> [Aim of the exercise] Omit the pictures and extract only the lines from the line containing "EMERY ROSE Giacca" to the end of the material, each exactly as written.

> [Material provided]
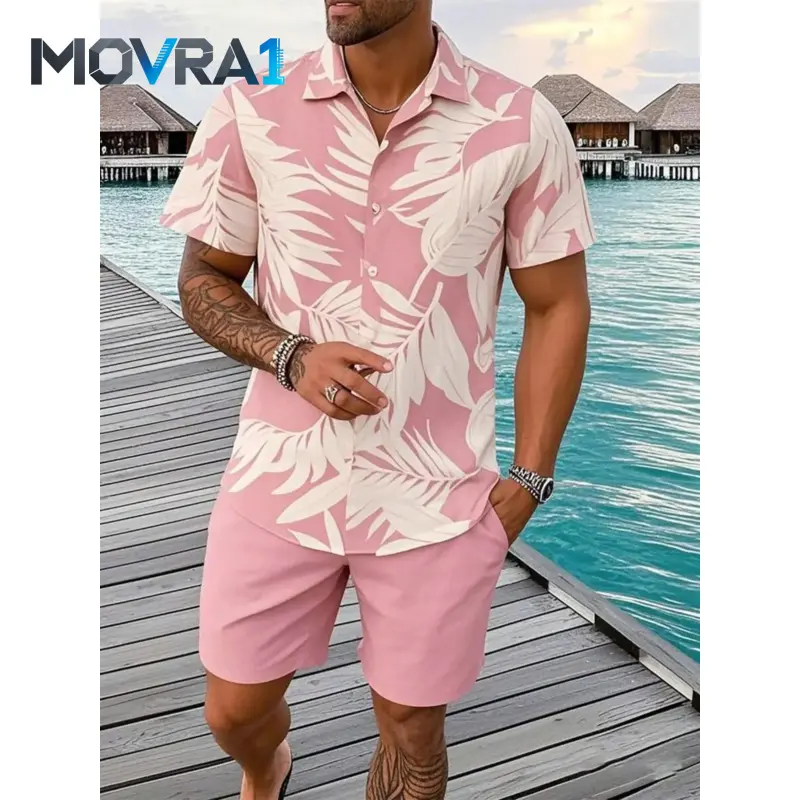 MOVRA1 Men's 2-Piece Vacation Clothing Set, Breathable All Over Tropical Print Short Sleeve Shirt & Shorts, Machine Washable Beach & Casual Outdoor Wear, Shirts, Menswear, All Over Print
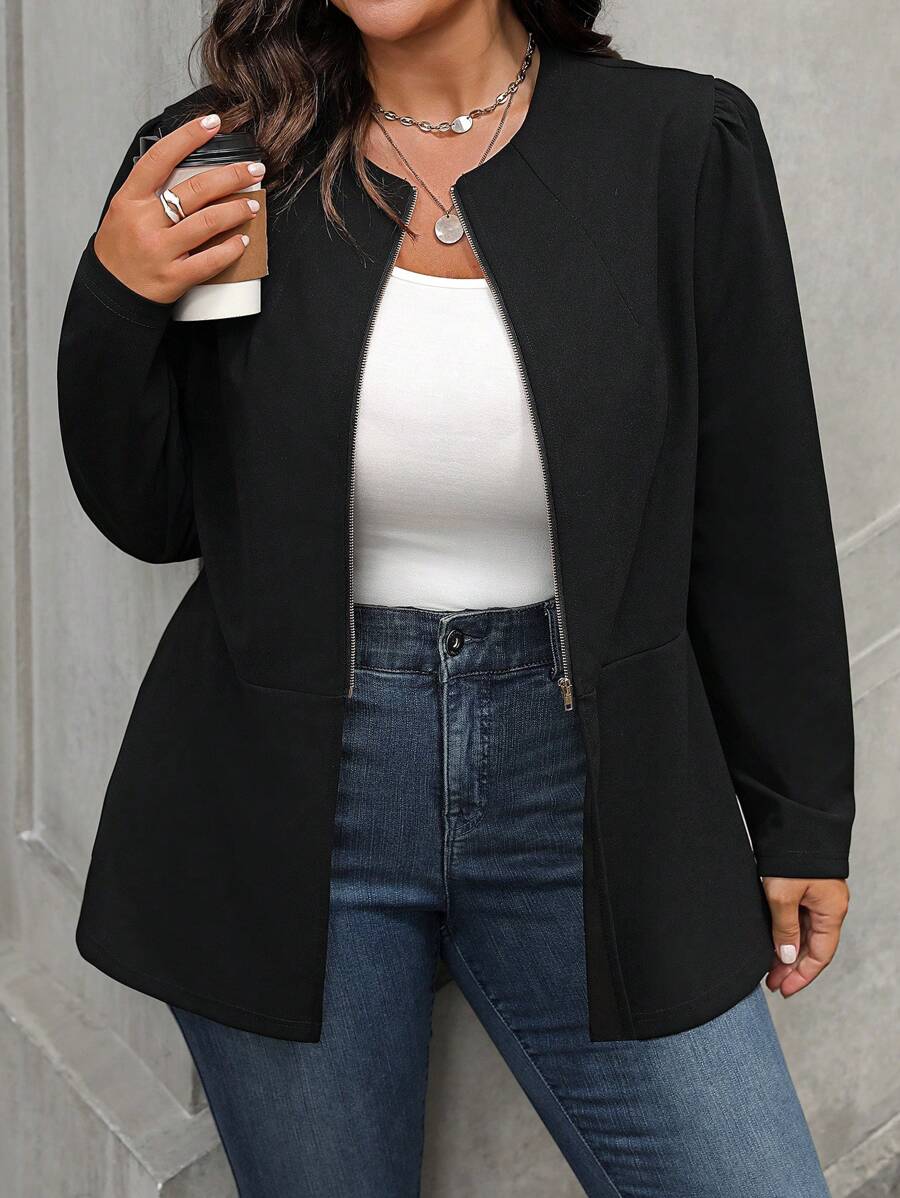 EMERY ROSE Giacca casual in tinta unita a maniche lunghe, taglia comoda, autunnale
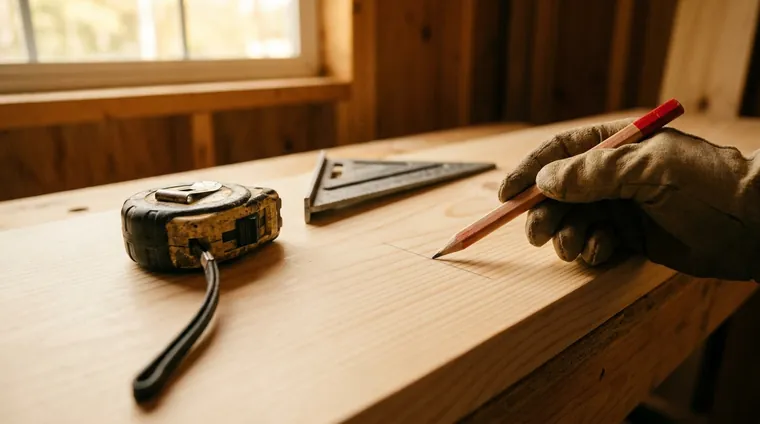 A tape measure, pencil and square on a pine board with a precise pencil mark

> [Expected output]
 EMERY ROSE Giacca casual in tinta unita a maniche lunghe, taglia comoda, autunnale
 A tape measure, pencil and square on a pine board with a precise pencil mark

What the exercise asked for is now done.